Directions: Set down the lines of the data exactly, starting at the first and stopping after the line containing "vidaXL Tkanina proti burine PP 2x25 m čierna".
++++++++++++++++++++
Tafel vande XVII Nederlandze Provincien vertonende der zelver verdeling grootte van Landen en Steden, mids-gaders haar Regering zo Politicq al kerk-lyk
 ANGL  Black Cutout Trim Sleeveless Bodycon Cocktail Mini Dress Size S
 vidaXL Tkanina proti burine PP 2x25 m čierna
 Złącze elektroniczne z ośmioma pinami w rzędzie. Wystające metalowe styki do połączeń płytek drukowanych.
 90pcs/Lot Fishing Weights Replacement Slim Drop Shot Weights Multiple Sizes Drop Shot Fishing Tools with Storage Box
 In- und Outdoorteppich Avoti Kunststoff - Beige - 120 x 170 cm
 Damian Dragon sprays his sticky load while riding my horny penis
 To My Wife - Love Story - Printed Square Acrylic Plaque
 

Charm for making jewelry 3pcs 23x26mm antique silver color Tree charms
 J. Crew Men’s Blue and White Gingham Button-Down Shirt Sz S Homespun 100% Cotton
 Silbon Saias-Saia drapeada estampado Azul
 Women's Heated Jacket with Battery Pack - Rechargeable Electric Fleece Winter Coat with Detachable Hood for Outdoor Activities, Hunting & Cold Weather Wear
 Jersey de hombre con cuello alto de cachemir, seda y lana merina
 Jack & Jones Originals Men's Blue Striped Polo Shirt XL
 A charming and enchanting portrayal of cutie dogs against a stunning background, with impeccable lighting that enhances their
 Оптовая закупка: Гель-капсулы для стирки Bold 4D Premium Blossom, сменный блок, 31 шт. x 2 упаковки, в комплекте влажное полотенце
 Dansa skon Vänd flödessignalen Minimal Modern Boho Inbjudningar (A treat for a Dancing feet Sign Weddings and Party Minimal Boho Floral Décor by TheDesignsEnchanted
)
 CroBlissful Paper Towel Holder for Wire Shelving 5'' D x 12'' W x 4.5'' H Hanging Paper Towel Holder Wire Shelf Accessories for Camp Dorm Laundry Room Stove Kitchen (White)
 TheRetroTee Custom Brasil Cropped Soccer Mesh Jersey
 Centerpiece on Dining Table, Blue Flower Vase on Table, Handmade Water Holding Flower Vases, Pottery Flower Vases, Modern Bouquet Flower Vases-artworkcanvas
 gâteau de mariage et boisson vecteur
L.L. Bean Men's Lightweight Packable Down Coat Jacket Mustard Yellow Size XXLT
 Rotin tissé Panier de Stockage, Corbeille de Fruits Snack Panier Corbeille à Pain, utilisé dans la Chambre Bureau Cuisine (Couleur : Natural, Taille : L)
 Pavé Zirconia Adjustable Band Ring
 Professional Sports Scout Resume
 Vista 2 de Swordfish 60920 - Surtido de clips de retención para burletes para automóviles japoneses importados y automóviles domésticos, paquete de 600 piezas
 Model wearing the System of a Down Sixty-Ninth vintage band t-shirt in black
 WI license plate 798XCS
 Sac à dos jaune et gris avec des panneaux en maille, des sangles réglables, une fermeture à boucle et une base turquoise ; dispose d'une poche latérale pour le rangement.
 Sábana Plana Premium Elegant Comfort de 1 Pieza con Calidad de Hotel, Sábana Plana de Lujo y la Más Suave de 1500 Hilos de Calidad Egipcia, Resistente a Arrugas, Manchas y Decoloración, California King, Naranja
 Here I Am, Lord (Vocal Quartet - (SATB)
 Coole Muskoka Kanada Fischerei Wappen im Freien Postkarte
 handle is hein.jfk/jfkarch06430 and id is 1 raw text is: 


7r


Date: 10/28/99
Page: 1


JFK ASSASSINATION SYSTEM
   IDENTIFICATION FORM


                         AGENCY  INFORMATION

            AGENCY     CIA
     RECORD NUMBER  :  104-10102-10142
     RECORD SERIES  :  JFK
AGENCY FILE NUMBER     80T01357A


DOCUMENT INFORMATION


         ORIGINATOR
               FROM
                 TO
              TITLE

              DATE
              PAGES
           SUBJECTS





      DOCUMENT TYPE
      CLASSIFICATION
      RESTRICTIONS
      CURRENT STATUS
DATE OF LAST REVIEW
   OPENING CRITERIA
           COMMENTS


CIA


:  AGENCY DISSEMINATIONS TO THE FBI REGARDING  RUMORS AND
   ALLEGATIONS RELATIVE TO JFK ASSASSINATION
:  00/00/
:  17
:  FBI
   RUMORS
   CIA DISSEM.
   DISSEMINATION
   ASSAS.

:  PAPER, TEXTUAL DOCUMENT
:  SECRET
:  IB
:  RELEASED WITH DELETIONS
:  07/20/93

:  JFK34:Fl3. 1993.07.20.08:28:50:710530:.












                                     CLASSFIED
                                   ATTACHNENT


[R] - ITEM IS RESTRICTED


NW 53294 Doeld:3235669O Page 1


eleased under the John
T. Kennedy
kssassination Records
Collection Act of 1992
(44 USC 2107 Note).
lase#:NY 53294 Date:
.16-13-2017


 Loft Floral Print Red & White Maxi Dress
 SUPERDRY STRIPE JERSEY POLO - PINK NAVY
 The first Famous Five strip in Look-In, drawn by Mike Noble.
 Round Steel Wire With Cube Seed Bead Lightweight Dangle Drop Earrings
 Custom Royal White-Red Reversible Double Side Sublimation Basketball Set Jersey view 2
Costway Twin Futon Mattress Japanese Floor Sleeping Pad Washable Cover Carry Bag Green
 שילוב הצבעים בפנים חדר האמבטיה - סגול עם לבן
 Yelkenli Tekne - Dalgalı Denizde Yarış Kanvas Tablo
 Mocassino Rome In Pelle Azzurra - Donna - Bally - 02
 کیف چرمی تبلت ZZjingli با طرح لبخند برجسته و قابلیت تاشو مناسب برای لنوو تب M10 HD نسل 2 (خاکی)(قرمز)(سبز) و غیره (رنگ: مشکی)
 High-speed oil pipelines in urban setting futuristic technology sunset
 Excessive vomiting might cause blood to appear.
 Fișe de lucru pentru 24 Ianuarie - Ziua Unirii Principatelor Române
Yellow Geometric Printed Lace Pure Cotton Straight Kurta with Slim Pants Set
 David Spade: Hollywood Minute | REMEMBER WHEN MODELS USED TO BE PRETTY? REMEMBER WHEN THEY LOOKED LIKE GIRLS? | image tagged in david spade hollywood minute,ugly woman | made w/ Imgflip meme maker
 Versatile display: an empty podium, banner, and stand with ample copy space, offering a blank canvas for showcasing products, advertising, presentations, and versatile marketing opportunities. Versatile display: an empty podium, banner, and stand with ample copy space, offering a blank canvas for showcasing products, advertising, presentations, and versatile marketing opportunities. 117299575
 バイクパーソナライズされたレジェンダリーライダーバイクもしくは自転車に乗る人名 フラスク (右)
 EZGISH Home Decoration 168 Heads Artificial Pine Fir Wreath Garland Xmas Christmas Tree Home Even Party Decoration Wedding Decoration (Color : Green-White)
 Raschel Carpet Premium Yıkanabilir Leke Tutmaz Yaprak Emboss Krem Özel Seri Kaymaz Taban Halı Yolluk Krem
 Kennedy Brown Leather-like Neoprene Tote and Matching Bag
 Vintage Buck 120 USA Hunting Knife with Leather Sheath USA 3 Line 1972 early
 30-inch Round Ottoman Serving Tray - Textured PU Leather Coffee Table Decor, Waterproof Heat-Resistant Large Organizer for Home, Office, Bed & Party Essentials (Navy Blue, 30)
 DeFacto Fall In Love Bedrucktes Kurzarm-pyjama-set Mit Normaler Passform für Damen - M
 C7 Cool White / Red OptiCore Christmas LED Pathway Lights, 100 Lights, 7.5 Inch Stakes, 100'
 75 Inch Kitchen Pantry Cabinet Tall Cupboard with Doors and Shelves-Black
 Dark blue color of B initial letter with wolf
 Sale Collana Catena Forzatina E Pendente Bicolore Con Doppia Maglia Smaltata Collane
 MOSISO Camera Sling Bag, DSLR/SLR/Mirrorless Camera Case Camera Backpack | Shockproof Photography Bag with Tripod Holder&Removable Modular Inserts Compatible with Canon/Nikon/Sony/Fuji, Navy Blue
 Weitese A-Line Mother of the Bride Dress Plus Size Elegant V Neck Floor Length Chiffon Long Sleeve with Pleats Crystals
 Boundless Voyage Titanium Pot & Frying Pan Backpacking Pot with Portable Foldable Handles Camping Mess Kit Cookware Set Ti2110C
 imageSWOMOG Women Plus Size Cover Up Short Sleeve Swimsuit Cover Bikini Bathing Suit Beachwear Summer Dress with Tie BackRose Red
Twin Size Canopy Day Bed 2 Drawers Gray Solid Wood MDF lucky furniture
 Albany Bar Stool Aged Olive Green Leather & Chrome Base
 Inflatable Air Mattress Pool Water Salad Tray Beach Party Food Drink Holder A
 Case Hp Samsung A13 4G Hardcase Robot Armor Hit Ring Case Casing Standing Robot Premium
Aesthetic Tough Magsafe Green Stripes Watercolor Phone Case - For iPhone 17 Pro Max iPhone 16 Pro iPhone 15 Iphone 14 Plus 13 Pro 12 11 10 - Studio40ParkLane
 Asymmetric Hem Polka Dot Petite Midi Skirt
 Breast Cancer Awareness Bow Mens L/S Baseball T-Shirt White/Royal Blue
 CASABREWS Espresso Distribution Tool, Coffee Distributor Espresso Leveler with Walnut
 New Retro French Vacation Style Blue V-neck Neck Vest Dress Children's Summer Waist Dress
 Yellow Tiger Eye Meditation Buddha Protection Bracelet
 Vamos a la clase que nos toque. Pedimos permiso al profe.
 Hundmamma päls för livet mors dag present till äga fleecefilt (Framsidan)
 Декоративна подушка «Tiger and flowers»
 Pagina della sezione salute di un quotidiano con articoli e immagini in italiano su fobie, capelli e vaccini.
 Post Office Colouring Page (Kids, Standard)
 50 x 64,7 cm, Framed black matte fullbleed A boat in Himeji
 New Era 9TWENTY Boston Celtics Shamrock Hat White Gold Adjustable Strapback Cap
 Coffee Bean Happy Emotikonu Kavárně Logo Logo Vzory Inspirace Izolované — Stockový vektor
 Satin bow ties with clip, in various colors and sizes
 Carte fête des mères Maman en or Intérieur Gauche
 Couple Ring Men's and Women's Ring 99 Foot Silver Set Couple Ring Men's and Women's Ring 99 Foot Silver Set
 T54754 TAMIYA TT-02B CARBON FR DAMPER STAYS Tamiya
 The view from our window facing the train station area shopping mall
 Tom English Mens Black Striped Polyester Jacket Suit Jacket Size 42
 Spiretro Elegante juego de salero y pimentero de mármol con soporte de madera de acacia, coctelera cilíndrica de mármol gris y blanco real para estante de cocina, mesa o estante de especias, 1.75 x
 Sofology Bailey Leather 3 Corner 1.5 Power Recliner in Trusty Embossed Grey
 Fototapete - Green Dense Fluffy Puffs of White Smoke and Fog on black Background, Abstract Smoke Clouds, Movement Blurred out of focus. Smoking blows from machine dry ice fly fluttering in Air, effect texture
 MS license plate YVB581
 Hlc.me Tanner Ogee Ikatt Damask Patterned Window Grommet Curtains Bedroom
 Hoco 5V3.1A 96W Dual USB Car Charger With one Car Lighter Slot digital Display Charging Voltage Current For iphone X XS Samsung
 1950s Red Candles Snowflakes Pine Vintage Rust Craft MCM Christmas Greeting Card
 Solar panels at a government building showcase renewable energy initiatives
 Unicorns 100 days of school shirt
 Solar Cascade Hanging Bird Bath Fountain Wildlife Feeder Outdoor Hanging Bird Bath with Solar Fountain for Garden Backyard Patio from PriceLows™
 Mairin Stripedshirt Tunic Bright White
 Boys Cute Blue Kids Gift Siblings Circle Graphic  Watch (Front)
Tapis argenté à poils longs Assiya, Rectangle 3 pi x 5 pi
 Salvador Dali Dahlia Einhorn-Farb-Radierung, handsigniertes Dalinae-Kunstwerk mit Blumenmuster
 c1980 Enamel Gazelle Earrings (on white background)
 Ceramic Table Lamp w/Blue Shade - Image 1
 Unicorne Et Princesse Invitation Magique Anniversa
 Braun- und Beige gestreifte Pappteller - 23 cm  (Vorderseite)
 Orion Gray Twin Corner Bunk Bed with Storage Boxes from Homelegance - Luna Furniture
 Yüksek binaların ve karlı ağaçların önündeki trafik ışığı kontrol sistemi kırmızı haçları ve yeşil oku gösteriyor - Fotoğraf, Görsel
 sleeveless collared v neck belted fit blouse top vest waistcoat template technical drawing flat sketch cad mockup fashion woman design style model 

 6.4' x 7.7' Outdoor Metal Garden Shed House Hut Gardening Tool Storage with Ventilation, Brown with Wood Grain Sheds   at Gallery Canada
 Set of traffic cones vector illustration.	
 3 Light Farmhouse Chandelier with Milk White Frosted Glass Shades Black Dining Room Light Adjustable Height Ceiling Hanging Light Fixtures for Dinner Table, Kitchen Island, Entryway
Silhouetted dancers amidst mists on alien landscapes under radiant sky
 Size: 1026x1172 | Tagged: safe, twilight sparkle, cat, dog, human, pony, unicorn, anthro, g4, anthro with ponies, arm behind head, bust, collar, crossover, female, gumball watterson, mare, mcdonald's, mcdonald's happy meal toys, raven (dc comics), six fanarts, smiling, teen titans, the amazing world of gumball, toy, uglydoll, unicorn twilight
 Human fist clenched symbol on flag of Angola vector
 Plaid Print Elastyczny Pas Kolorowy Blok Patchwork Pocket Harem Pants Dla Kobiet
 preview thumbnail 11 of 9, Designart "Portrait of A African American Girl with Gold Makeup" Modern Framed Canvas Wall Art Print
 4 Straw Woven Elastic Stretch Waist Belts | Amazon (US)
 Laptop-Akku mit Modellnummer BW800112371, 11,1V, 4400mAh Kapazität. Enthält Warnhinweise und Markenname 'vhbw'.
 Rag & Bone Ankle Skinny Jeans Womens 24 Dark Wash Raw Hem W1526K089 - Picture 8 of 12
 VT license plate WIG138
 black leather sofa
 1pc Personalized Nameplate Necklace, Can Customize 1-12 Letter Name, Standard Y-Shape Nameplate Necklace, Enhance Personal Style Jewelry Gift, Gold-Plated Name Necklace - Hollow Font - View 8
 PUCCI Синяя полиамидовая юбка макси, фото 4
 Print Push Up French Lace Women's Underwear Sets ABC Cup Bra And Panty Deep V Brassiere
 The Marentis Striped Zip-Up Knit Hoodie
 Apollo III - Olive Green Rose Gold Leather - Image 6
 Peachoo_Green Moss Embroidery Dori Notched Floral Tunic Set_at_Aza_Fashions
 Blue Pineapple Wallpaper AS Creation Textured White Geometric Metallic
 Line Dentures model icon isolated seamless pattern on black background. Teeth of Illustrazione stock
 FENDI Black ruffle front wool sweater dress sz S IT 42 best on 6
++++++++++++++++++++
Answer below:
Tafel vande XVII Nederlandze Provincien vertonende der zelver verdeling grootte van Landen en Steden, mids-gaders haar Regering zo Politicq al kerk-lyk
 ANGL  Black Cutout Trim Sleeveless Bodycon Cocktail Mini Dress Size S
 vidaXL Tkanina proti burine PP 2x25 m čierna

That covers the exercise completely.